++++ EXTRACTED DATA ++++

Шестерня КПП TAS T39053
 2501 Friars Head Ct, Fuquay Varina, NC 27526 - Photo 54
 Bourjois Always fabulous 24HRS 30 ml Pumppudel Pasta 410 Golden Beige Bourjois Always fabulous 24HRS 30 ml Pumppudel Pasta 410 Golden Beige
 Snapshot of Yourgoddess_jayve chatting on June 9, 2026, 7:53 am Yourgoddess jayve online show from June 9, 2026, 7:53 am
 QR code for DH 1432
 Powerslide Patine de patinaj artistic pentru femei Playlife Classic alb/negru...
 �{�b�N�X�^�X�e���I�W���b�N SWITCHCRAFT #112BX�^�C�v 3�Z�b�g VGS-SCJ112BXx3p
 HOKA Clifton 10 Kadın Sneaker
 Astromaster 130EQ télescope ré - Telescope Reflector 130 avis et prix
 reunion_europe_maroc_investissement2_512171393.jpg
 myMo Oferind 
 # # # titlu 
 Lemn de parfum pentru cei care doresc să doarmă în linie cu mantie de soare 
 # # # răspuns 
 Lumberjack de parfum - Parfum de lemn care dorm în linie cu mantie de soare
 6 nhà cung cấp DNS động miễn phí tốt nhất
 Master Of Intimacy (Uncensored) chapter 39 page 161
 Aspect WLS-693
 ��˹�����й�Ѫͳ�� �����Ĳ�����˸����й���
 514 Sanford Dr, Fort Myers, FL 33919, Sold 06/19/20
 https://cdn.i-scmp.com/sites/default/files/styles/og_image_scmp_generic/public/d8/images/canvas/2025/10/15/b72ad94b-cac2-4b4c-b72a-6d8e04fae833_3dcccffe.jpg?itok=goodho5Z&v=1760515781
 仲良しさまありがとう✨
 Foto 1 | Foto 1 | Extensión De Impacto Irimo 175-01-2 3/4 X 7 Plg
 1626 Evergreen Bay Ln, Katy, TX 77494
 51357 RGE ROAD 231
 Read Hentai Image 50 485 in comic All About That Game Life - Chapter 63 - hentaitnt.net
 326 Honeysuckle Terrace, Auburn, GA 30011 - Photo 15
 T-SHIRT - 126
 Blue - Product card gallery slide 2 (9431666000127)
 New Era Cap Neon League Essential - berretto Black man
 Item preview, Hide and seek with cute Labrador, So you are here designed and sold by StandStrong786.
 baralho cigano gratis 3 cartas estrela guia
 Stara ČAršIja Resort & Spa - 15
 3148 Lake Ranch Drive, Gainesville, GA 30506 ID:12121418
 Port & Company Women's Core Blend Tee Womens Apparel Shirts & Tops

++++

Take the line holding "Foto 1 | Foto" and all lines after it through the end of the data, and set them down exactly.

 Foto 1 | Foto 1 | Extensión De Impacto Irimo 175-01-2 3/4 X 7 Plg
 1626 Evergreen Bay Ln, Katy, TX 77494
 51357 RGE ROAD 231
 Read Hentai Image 50 485 in comic All About That Game Life - Chapter 63 - hentaitnt.net
 326 Honeysuckle Terrace, Auburn, GA 30011 - Photo 15
 T-SHIRT - 126
 Blue - Product card gallery slide 2 (9431666000127)
 New Era Cap Neon League Essential - berretto Black man
 Item preview, Hide and seek with cute Labrador, So you are here designed and sold by StandStrong786.
 baralho cigano gratis 3 cartas estrela guia
 Stara ČAršIja Resort & Spa - 15
 3148 Lake Ranch Drive, Gainesville, GA 30506 ID:12121418
 Port & Company Women's Core Blend Tee Womens Apparel Shirts & Tops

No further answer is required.